_Exercise goal_
For each record below, retype the text exactly and omit any image.

_Source records_
• • • • • • •
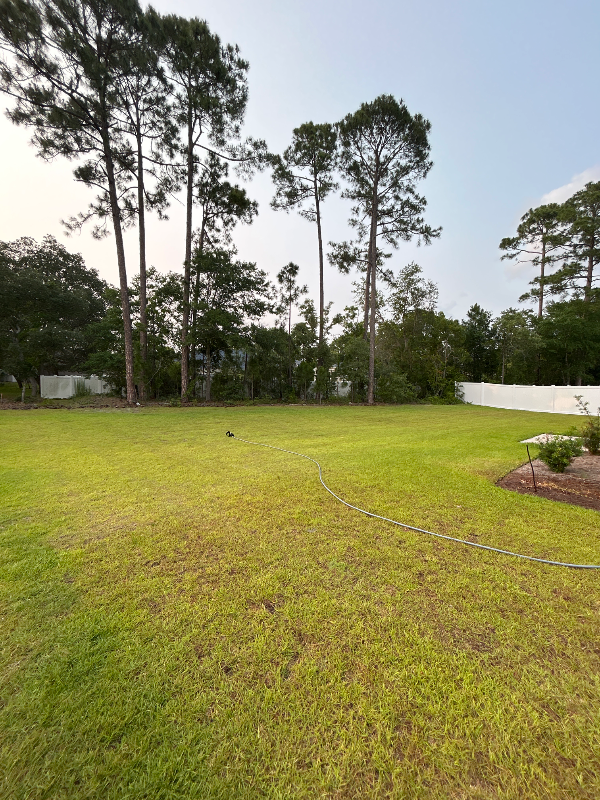 864 Shipley Way Sw - Photo 7 of 14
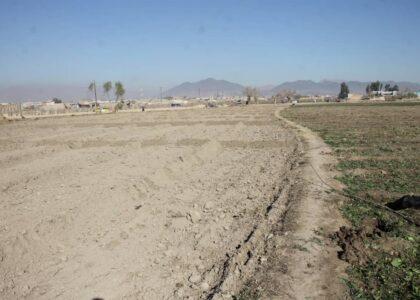 دهاقین قندهار: در زمینۀ زراعت عصری برای ما آموزش داده شود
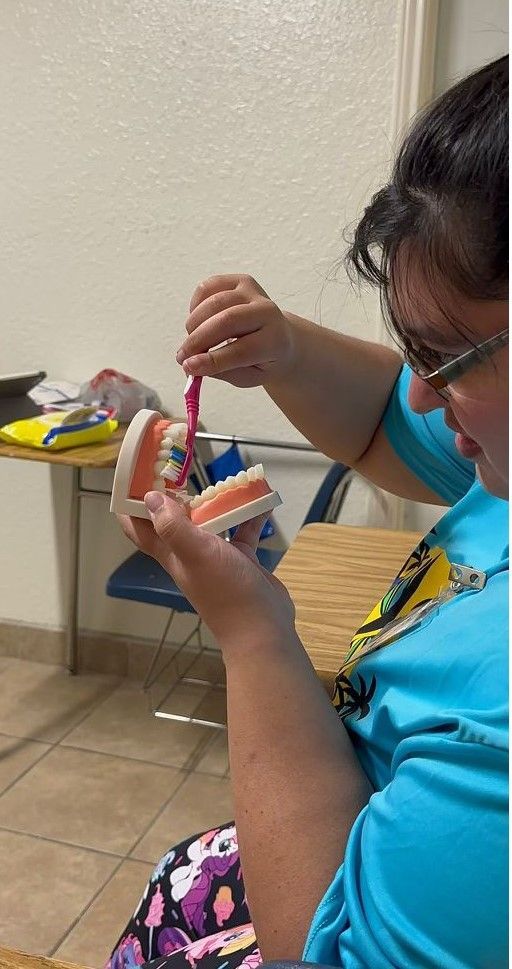 A woman is brushing her teeth on a model of teeth.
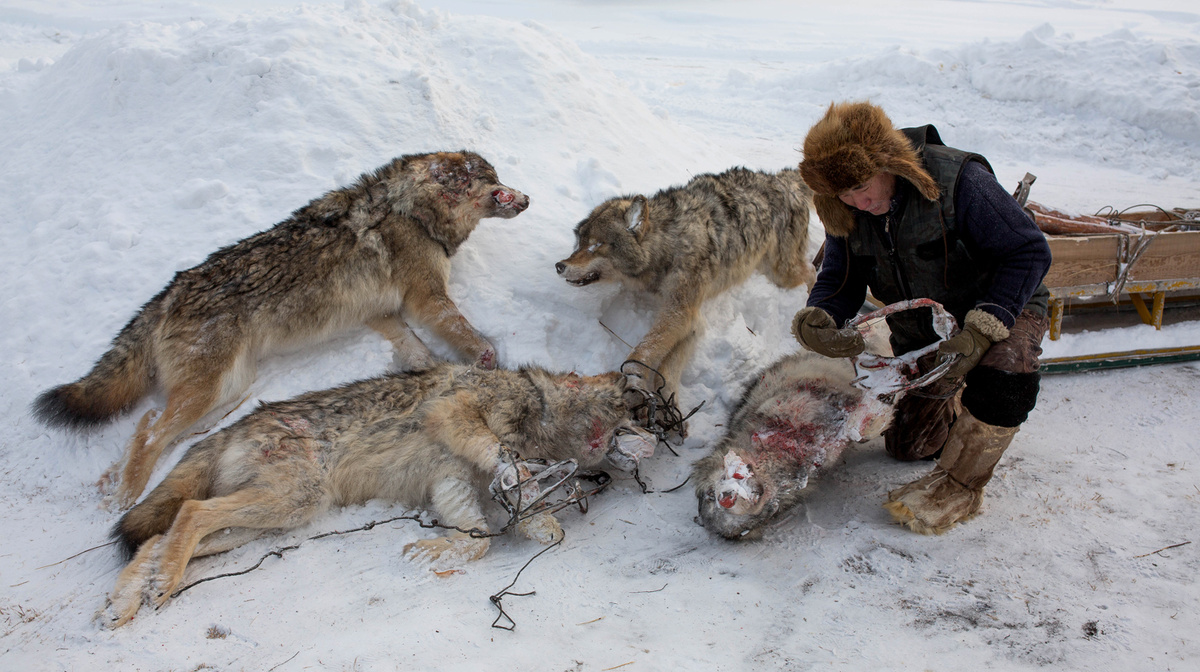Ежегодно в Якутии в среднем добывают до 2-3 тысяч волков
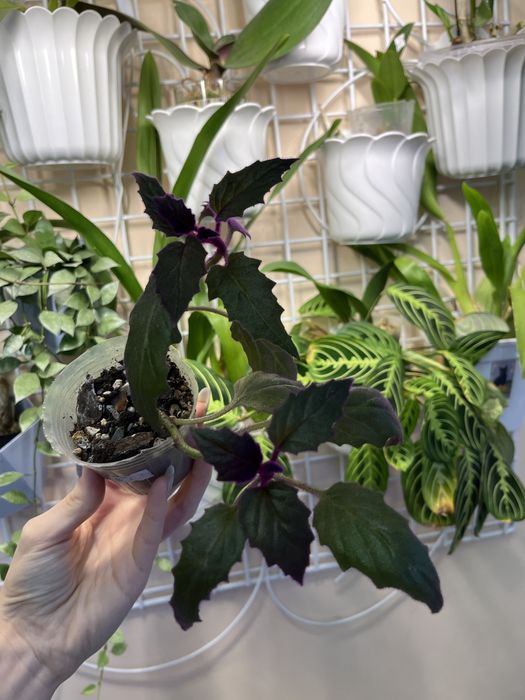 Цветок Гинура лиана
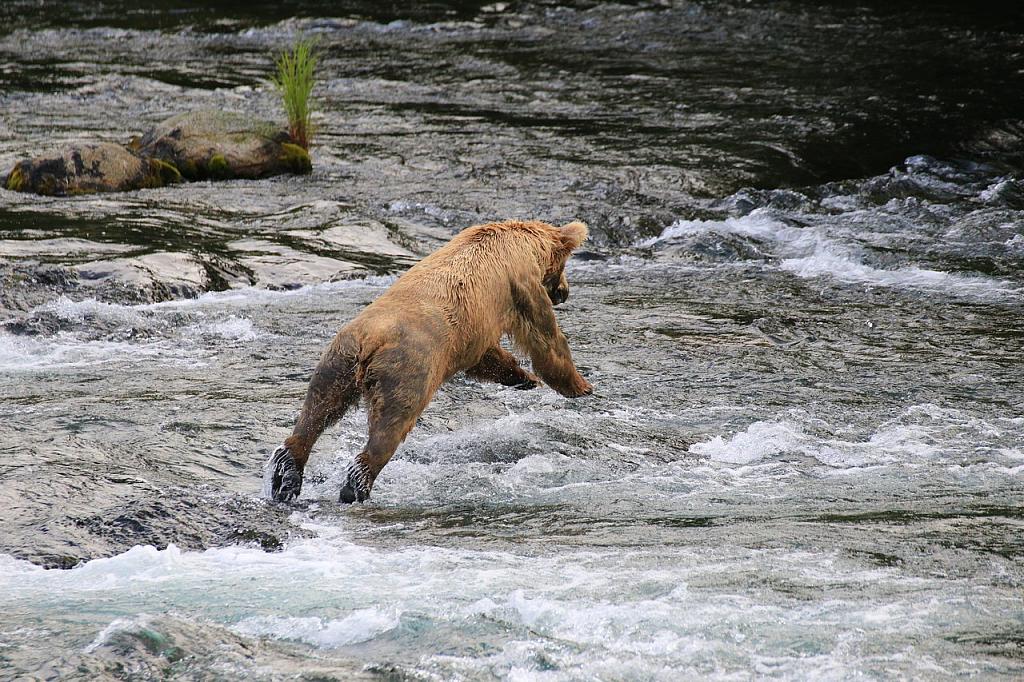 Braunbär, Katmai Peninsula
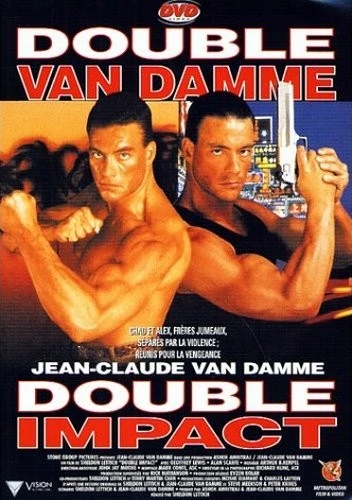 DVD Cover (France)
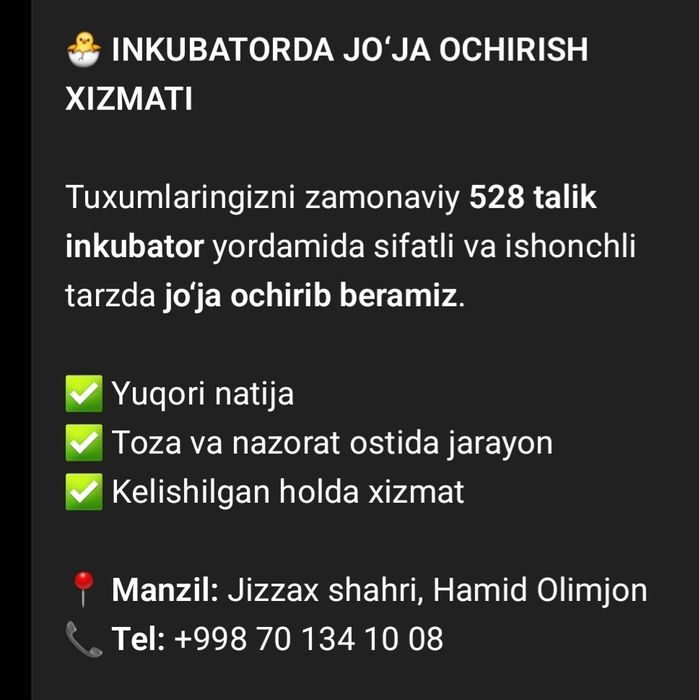 inkubator xizmati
• • • • • • •
_Result of the exercise_
 864 Shipley Way Sw - Photo 7 of 14
 دهاقین قندهار: در زمینۀ زراعت عصری برای ما آموزش داده شود
 A woman is brushing her teeth on a model of teeth.
Ежегодно в Якутии в среднем добывают до 2-3 тысяч волков
 Цветок Гинура лиана
 Braunbär, Katmai Peninsula
 DVD Cover (France)
 inkubator xizmati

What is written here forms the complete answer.